Working data ->

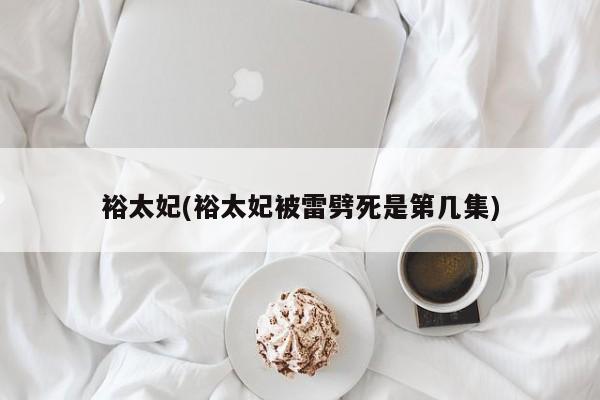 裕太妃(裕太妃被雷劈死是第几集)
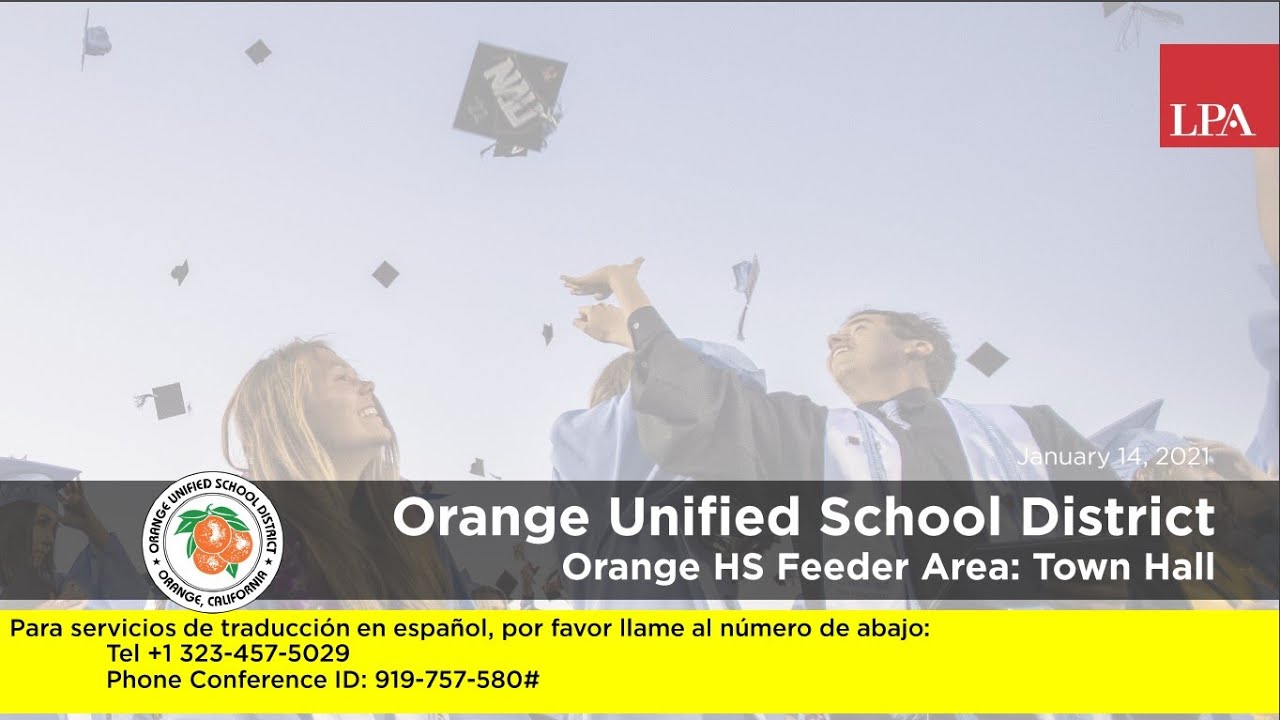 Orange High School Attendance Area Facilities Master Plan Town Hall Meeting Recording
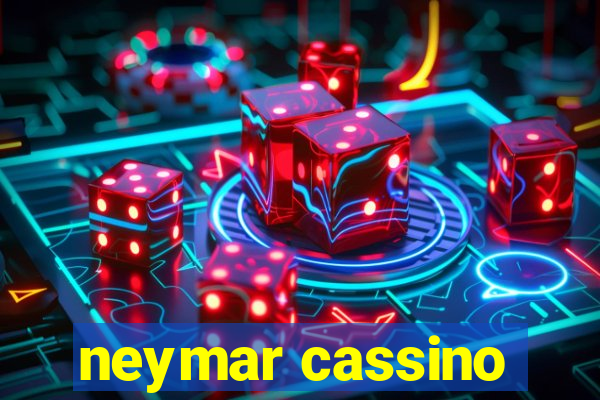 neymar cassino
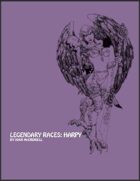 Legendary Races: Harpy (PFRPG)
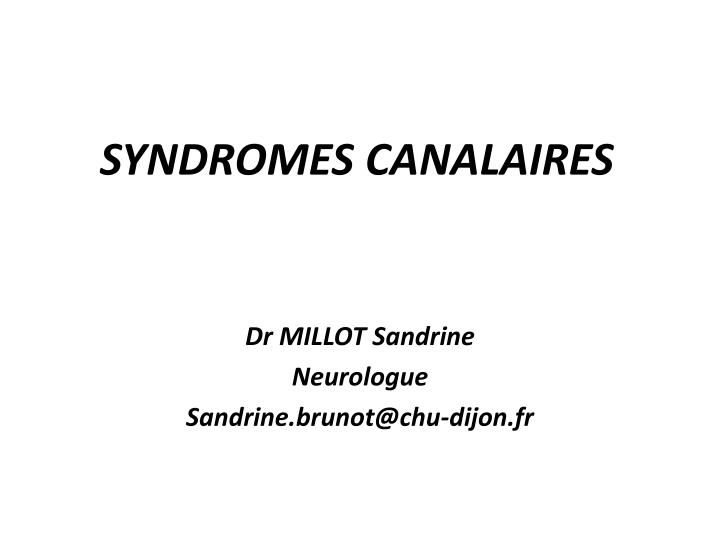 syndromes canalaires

Task brief -> Apart from its pictures, the material above should be repeated exactly.

Result for this exercise ->
 裕太妃(裕太妃被雷劈死是第几集)
 Orange High School Attendance Area Facilities Master Plan Town Hall Meeting Recording
 neymar cassino
 Legendary Races: Harpy (PFRPG)
 syndromes canalaires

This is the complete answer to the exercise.